◆ TASK
For every record that follows, transcribe the text exactly and leave any image out.

SUPPLIED INFORMATION Block Start

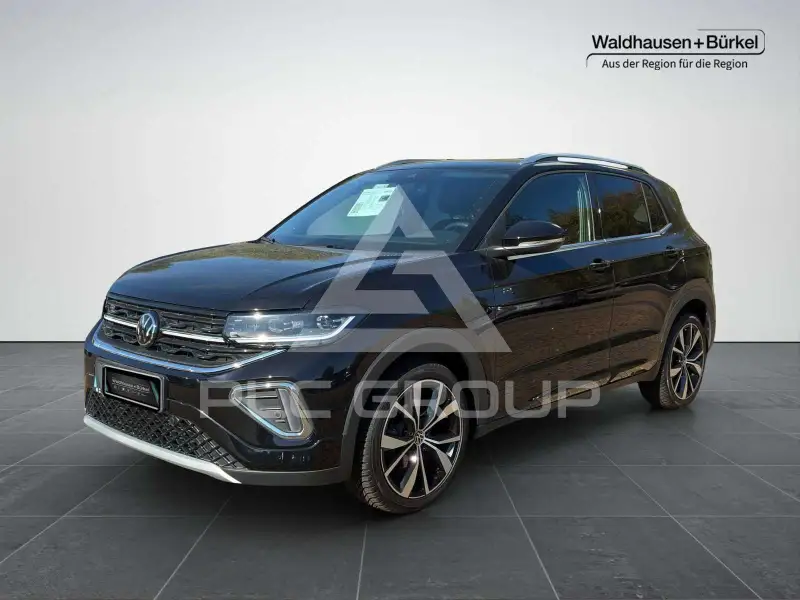 2024 Volkswagen T-Cross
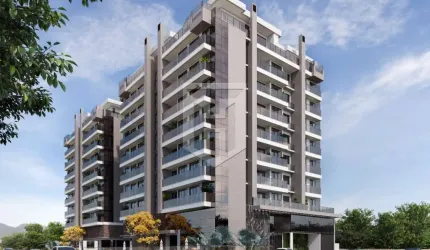 Apartamento com 3 quartos à venda na Rua Da Felicidade, 24256, Praia de Palmas, Governador Celso Ramos por R$ 1.085.383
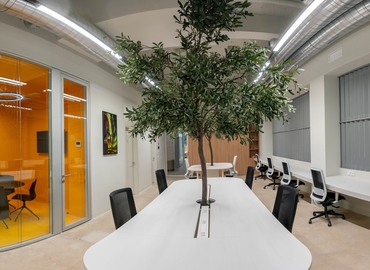 10 m² Co-working  in Zaragoza, Calle de José María Lacarra de Miguel 40 (50008) - 6 | MatchOffice
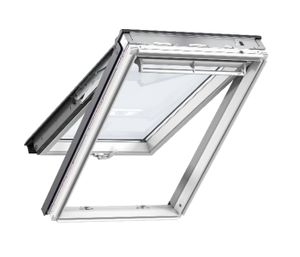 VELUX GGL SK06 2070 dakvenster & lichtkoepel Met ingebouwde frame Geventileerde lichtkoepel (dakraam)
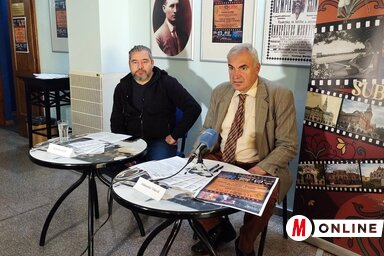 Darko Kovačević és Aleksandar Toković / Lukács Melinda felvétele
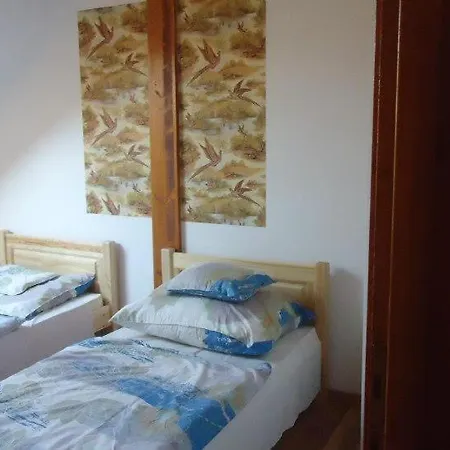 Felso Fogado Bed & Breakfast Felsőtold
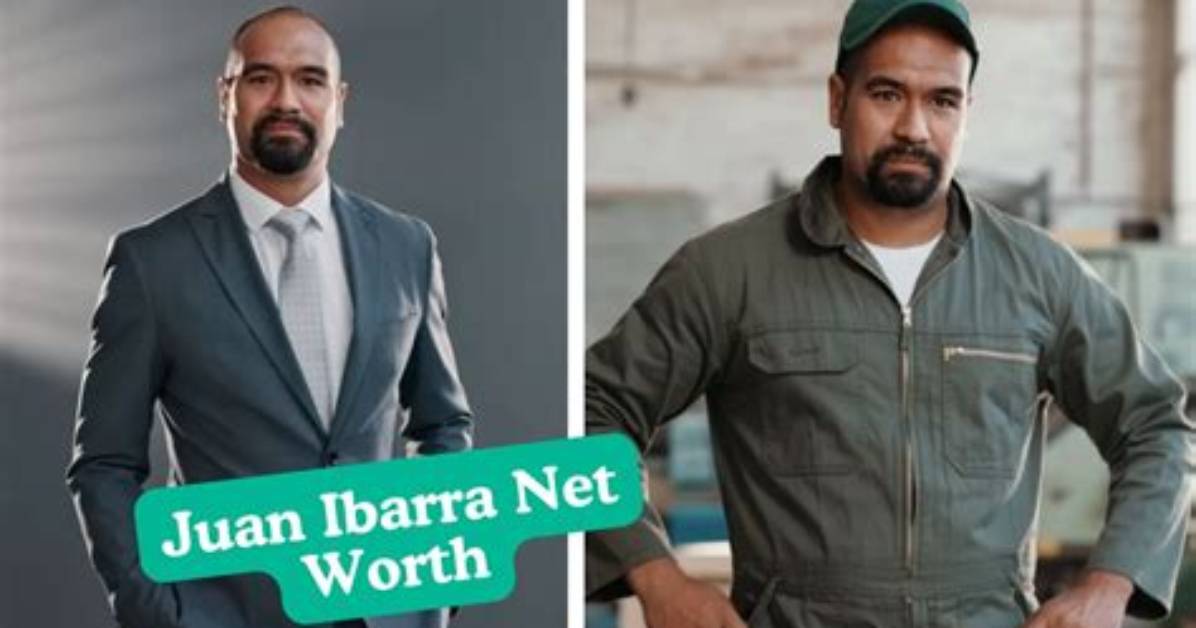 Simon Ibarra Net Worth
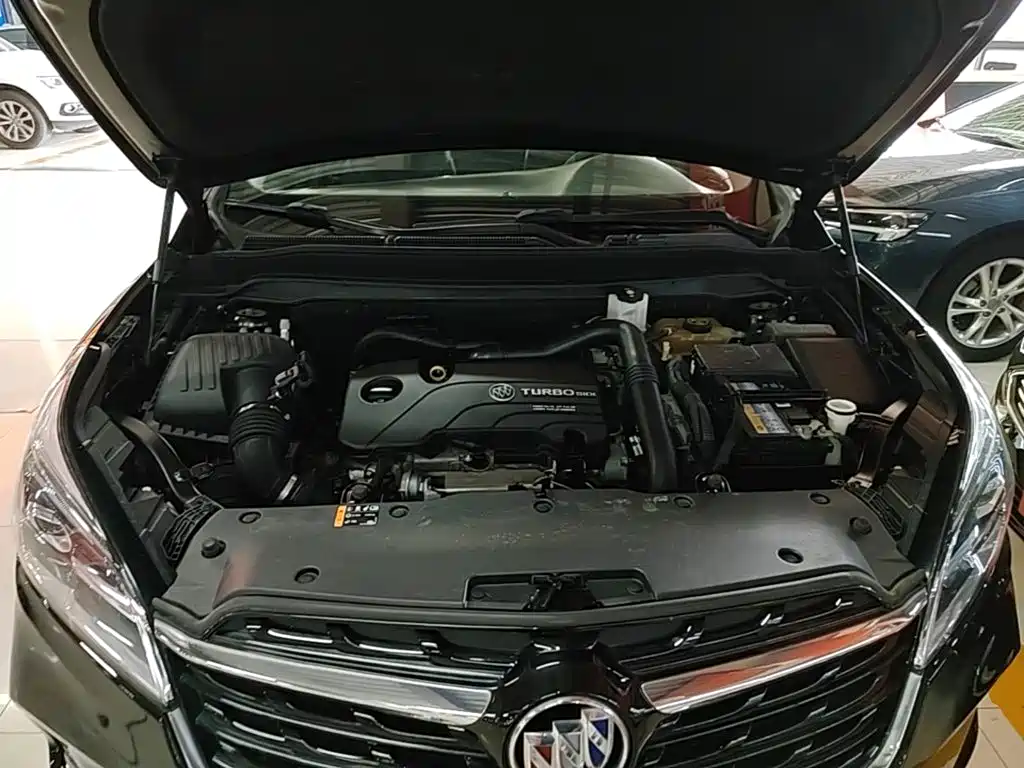 Buick Envision Plus — миниатюра 20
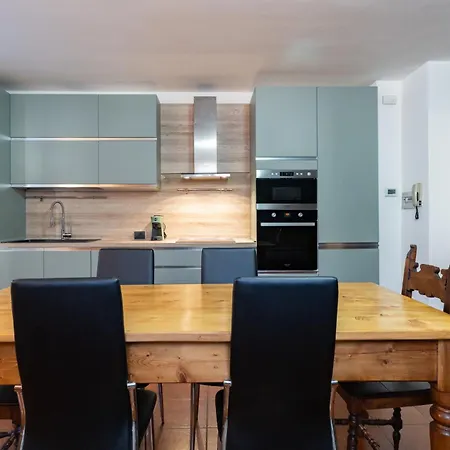 Appartement Luxury Between Lake&valsassina *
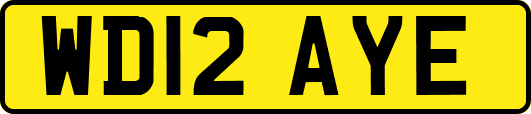 WD12AYE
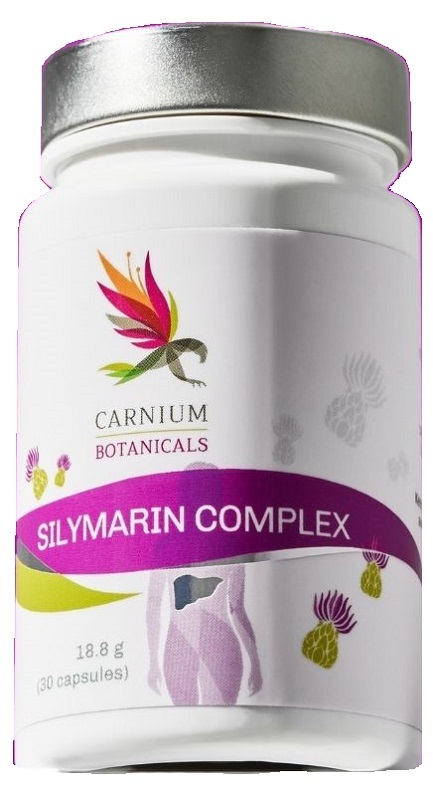 Bio Pak Nutracevtika D.o.o. Carnium Bot Silymarin Complex 30 Capsule - Immagine 4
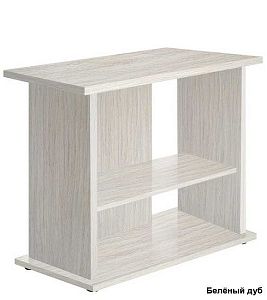 Подставка без дверок Biodesign РИФ 150&nbsp;чёрная шагрень, влагостойкая плита ЛДСП 16&nbsp;мм, 86х41&times;74&nbsp;см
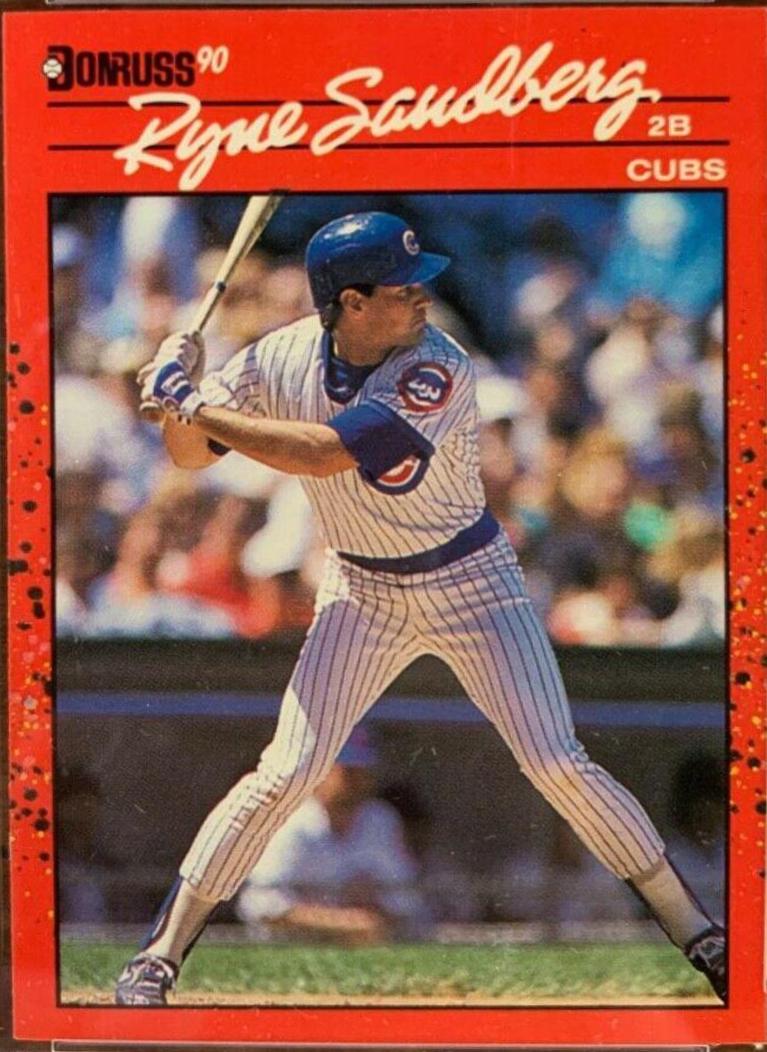 Ryne Sandberg #105
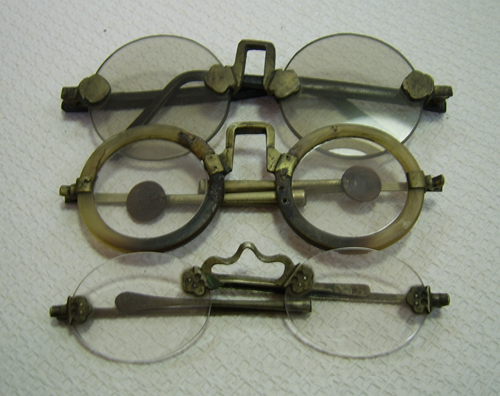 안경(19세기)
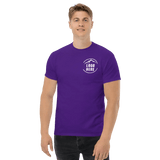 Custom Men's Gildan Printed Crewneck T-Shirt - Arklavo
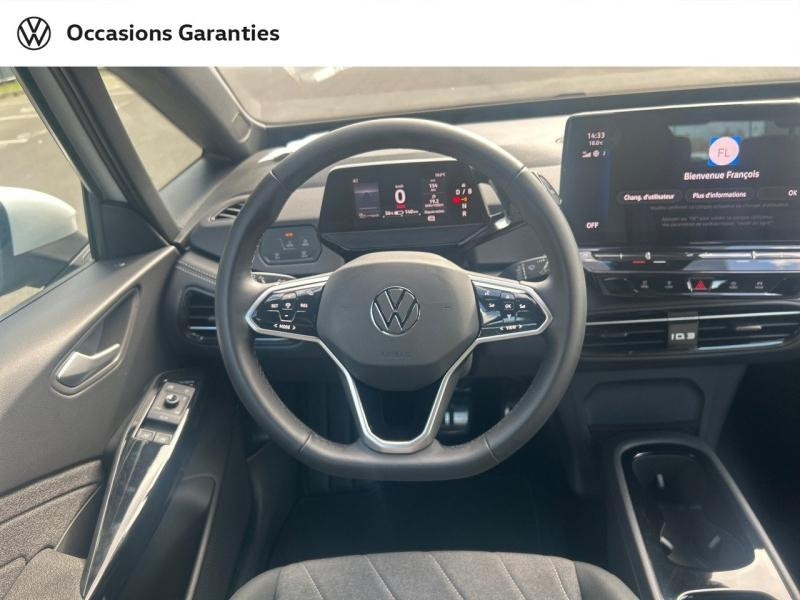 Volkswagen ID.3 204ch Pro Performance 58 kWh Life Plus  occasion  ST GREGOIRE - photo n10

SUPPLIED INFORMATION Block End

◆ ANSWER SPACE
 2024 Volkswagen T-Cross
 Apartamento com 3 quartos à venda na Rua Da Felicidade, 24256, Praia de Palmas, Governador Celso Ramos por R$ 1.085.383
 10 m² Co-working  in Zaragoza, Calle de José María Lacarra de Miguel 40 (50008) - 6 | MatchOffice
 VELUX GGL SK06 2070 dakvenster & lichtkoepel Met ingebouwde frame Geventileerde lichtkoepel (dakraam)
 Darko Kovačević és Aleksandar Toković / Lukács Melinda felvétele
 Felso Fogado Bed & Breakfast Felsőtold
 Simon Ibarra Net Worth
 Buick Envision Plus — миниатюра 20
 Appartement Luxury Between Lake&valsassina *
 WD12AYE
 Bio Pak Nutracevtika D.o.o. Carnium Bot Silymarin Complex 30 Capsule - Immagine 4
 Подставка без дверок Biodesign РИФ 150&nbsp;чёрная шагрень, влагостойкая плита ЛДСП 16&nbsp;мм, 86х41&times;74&nbsp;см
 Ryne Sandberg #105
 안경(19세기)
 Custom Men's Gildan Printed Crewneck T-Shirt - Arklavo
 Volkswagen ID.3 204ch Pro Performance 58 kWh Life Plus  occasion  ST GREGOIRE - photo n10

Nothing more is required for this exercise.